DATASET CONTENT
↓

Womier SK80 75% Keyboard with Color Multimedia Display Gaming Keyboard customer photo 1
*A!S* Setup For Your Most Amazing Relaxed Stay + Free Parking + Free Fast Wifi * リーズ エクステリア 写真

↑
↓

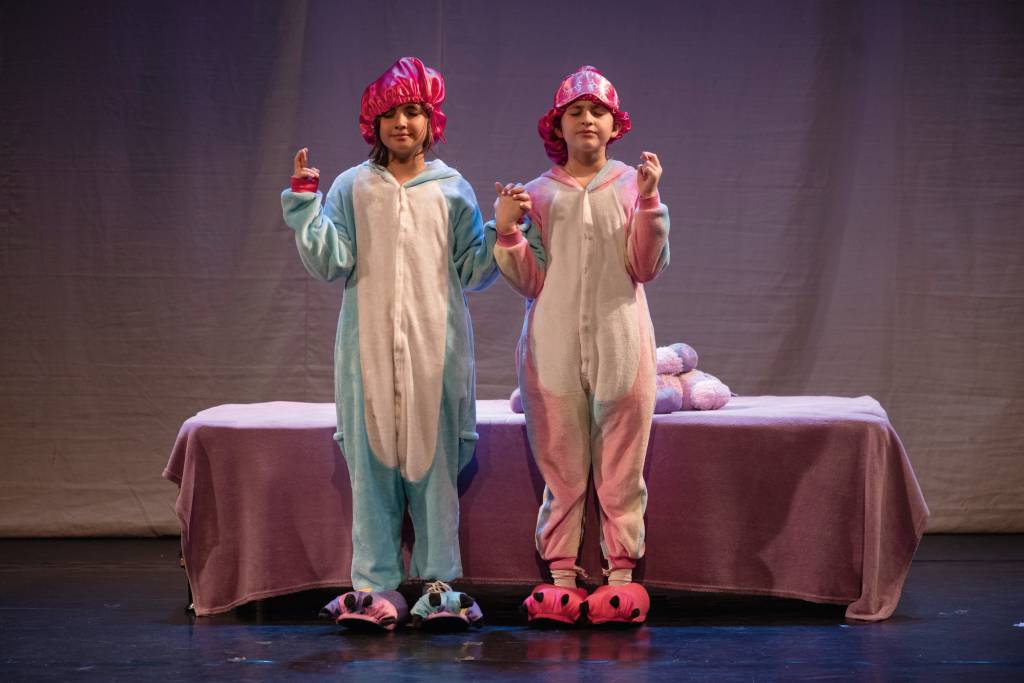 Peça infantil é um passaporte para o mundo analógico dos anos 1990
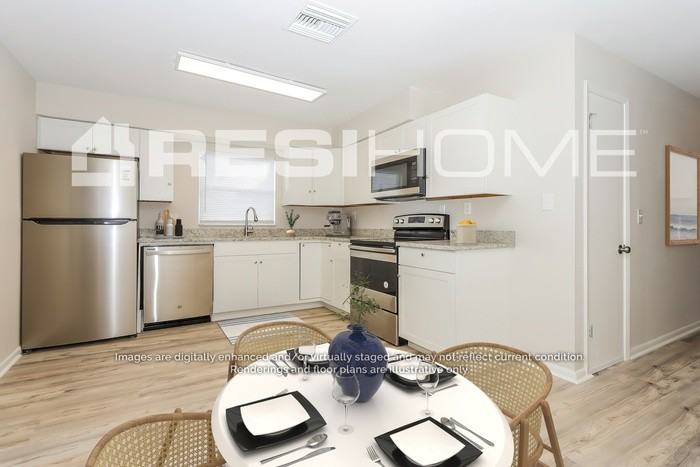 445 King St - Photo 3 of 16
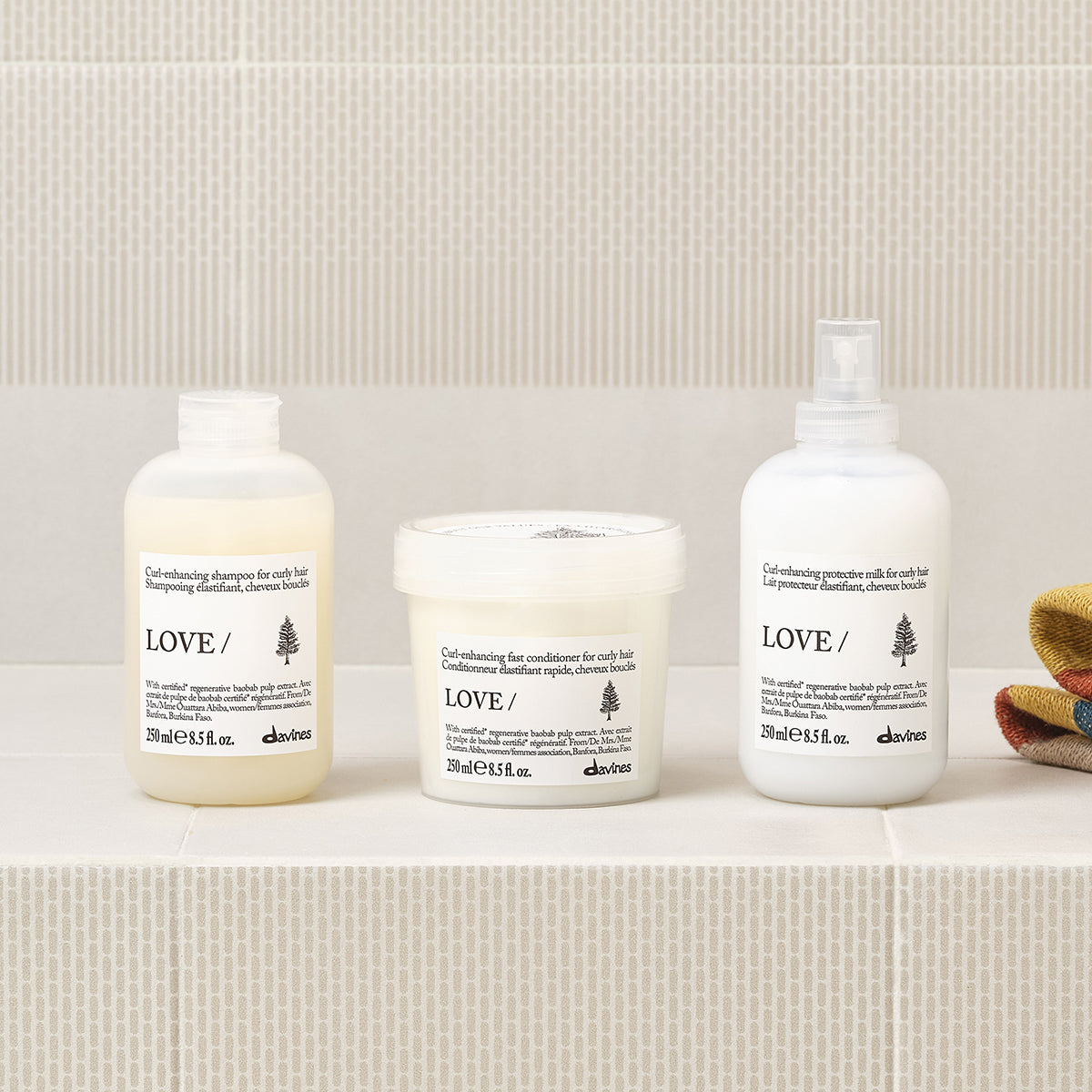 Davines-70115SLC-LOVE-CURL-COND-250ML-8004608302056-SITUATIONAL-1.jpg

↑
↓

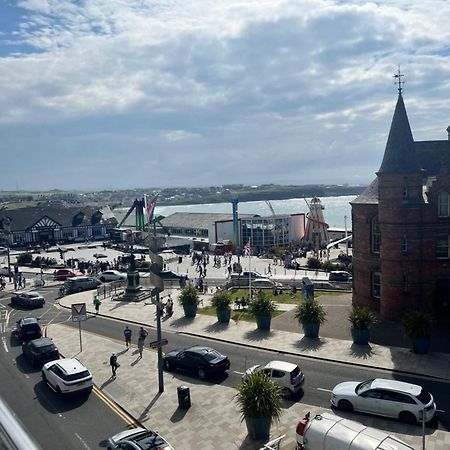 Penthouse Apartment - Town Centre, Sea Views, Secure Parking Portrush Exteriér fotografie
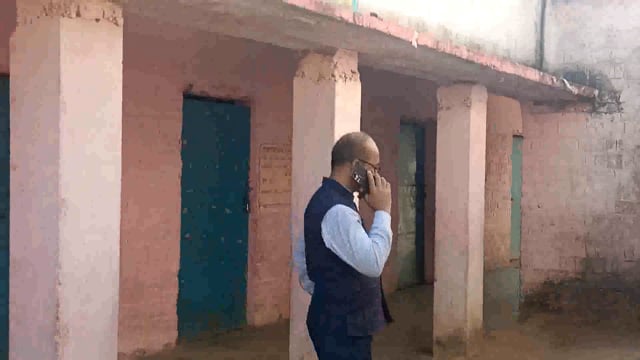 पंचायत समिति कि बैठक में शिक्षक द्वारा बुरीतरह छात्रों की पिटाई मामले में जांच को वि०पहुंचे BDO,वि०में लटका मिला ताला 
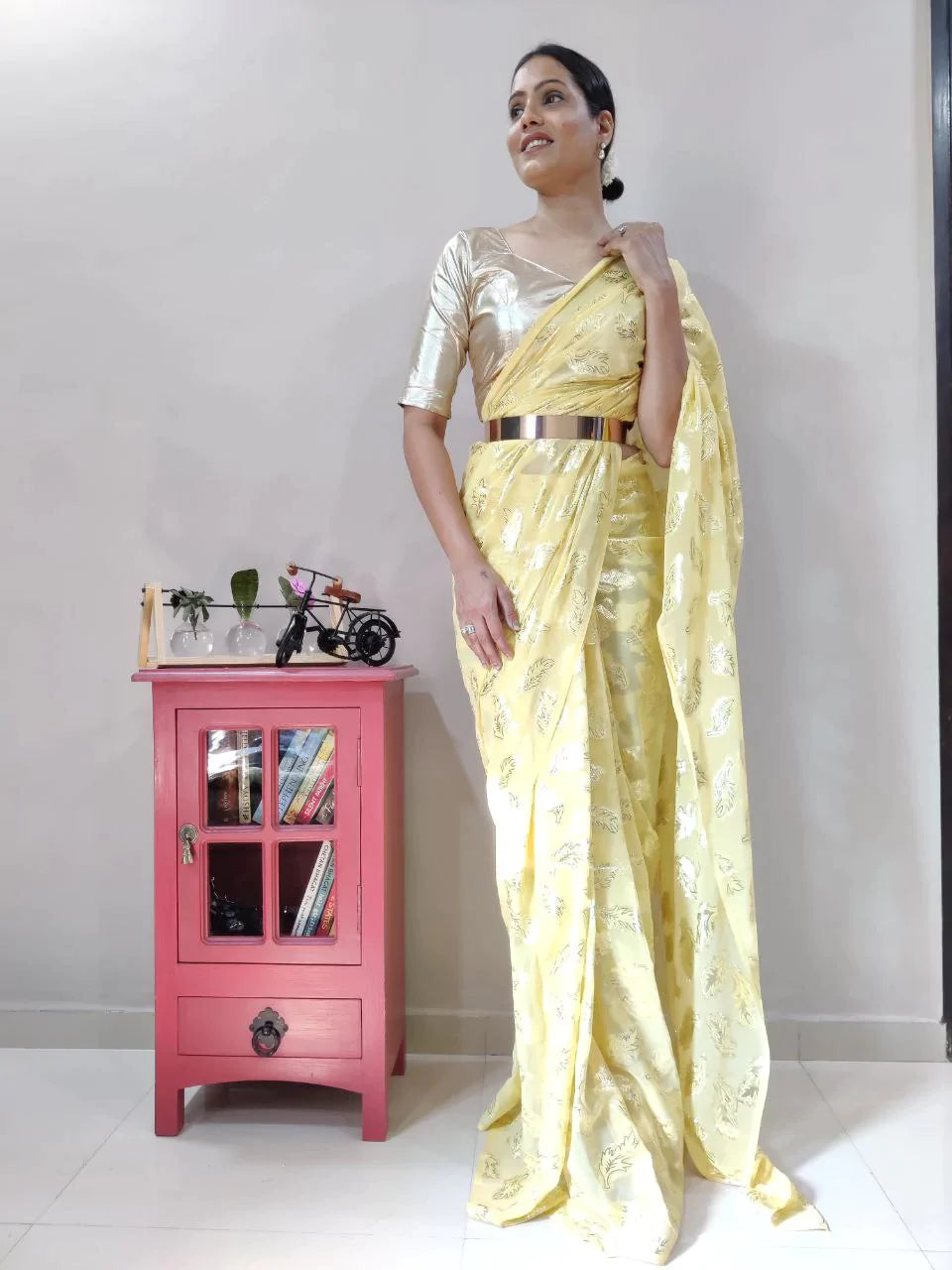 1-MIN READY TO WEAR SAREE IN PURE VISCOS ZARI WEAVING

↑

WORK TO COMPLETE
Copy nothing but the lines above from the one with "पंचायत समिति कि" to the one with "1-MIN READY TO", inclusive, word for word. Leave every picture out.

EXPECTED OUTPUT
 पंचायत समिति कि बैठक में शिक्षक द्वारा बुरीतरह छात्रों की पिटाई मामले में जांच को वि०पहुंचे BDO,वि०में लटका मिला ताला 
 1-MIN READY TO WEAR SAREE IN PURE VISCOS ZARI WEAVING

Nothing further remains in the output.